For most SaaS businesses, your product is the heart of what you do. That said, even if your product addresses every need and solves every challenge, your ability to establish yourself in the marketplace may not happen as quickly as you’d like.
The product adoption curve can provide helpful insights into how and when to target certain portions of your customer base.
What is the Product Adoption Curve?
The product adoption curve is a visual representation of the way different groups of people have a willingness to try out your product over time.
The curve and its respective phases don’t indicate who you should sell your product to, but rather about how and when you target segments of your ideal customers. Across your customer base, there are those who will purchase on the early side and those on the later side.
The product adoption curve is broken down into five phases: innovators, early adopters, early majority, late majority and laggards. Each of these phases has its own distinct advantages and challenges you will need to address to ensure market saturation.
Phases of the Product Adoption Curve
These are the first people who will purchase your product. Generally defined as tech enthusiasts, customers in this phase are open to risk and eager to try new things.
One of the greatest advantages of innovators is they are an excellent source of feedback and advice regarding the development of your product. They’re not especially concerned about your product’s general use-case as they’re more interested in trying the latest technology.
The benefit here is that your product doesn’t need to be a fully realized masterpiece.

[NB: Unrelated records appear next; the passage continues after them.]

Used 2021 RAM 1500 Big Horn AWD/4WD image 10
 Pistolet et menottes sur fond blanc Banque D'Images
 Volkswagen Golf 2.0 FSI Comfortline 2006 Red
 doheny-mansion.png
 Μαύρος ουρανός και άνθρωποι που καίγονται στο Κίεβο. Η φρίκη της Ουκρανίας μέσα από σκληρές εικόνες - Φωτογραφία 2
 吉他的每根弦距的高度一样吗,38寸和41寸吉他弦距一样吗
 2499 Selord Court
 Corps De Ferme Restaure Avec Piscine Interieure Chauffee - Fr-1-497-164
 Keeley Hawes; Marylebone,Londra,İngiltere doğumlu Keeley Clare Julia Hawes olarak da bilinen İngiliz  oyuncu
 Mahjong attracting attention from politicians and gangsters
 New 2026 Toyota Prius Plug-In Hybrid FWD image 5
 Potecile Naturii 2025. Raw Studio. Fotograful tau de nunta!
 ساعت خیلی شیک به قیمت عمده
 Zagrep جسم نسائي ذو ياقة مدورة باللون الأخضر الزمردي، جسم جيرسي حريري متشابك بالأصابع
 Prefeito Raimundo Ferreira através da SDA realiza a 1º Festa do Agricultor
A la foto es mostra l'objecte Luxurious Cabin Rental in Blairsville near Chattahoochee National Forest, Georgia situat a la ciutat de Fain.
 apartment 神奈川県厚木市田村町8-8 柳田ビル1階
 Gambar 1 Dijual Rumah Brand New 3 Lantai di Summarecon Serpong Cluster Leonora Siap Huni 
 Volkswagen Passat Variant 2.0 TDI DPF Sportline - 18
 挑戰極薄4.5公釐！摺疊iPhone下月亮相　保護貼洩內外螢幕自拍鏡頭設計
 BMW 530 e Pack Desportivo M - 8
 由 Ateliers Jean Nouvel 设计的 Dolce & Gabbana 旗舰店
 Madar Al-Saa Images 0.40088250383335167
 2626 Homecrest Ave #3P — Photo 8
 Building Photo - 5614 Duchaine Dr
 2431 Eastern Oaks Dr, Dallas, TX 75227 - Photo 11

Instead, you can lean on advice and feedback from these very early customers to make adjustments and improvements as you achieve greater market penetration.
A disadvantage when dealing with innovators is that they’re generally not willing to spend a lot of money on your product. To solicit the necessary feedback for your product’s long-term growth, you may need to sacrifice revenue with a discounted or freemium model at this stage.
The next and slightly larger portion of customers are your early adopters. Unlike innovators, early adopters are more aligned with your day-to-day, long-term users. They’re visionaries looking for the answer to their greatest challenges — your product.
As your standard end-user, early adopters can provide fantastic insight into how to position your product in your marketing and sales efforts based on how it solved for their needs.
Early adopters generally want faster time-to-value and a more customized approach from your product. Addressing large issues brought up during the innovator’s phase is important to meeting the needs of your early adopters.
With that in mind, the greatest advantage of this phase are the case studies you can generate from it. When planning your go-to-market strategy, your product should solve the pain points of these earliest buyers the most.
In doing so, your innovators and early adopters can provide case studies for your product’s success to influence buyers down the line in later stages.
Reaching the early majority phase is a clear sign that you have found product-market fit. While you have likely gone through many rapid changes and iterations to reach this point, the early majority offers the largest market size and growth potential.
That said, there is a chasm between early adopters and early majority. Customers in the early majority are pragmatists who want something finalized that solves for their needs.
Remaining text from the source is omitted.